Your goal: Scan the records below and copy every line that contains the string "through".

Input records:
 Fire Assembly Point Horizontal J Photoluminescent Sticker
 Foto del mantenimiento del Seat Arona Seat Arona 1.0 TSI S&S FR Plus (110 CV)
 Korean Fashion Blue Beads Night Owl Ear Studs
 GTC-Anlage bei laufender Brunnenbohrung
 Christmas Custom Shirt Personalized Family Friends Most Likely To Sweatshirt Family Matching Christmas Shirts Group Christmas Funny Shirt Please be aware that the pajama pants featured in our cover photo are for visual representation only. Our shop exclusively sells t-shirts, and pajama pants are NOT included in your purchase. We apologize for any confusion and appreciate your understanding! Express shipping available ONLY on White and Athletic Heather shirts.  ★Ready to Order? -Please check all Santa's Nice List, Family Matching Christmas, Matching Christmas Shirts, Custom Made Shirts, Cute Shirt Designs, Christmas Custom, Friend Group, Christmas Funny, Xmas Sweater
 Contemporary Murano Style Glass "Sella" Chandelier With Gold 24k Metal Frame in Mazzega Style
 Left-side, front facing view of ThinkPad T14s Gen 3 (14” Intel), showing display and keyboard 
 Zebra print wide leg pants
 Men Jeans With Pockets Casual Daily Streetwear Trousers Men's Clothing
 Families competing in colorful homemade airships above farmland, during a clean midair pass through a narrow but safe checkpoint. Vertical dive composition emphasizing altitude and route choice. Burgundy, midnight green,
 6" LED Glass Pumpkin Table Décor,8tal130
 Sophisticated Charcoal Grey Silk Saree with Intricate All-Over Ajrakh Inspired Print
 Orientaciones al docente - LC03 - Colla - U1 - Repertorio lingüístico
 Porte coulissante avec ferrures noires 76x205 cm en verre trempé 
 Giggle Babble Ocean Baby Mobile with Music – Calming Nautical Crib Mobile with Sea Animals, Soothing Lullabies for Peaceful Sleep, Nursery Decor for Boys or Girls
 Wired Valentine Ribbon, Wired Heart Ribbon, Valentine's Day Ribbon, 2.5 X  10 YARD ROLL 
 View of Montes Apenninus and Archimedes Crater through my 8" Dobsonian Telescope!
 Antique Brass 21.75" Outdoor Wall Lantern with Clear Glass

Finished task:
 Families competing in colorful homemade airships above farmland, during a clean midair pass through a narrow but safe checkpoint. Vertical dive composition emphasizing altitude and route choice. Burgundy, midnight green,
 View of Montes Apenninus and Archimedes Crater through my 8" Dobsonian Telescope!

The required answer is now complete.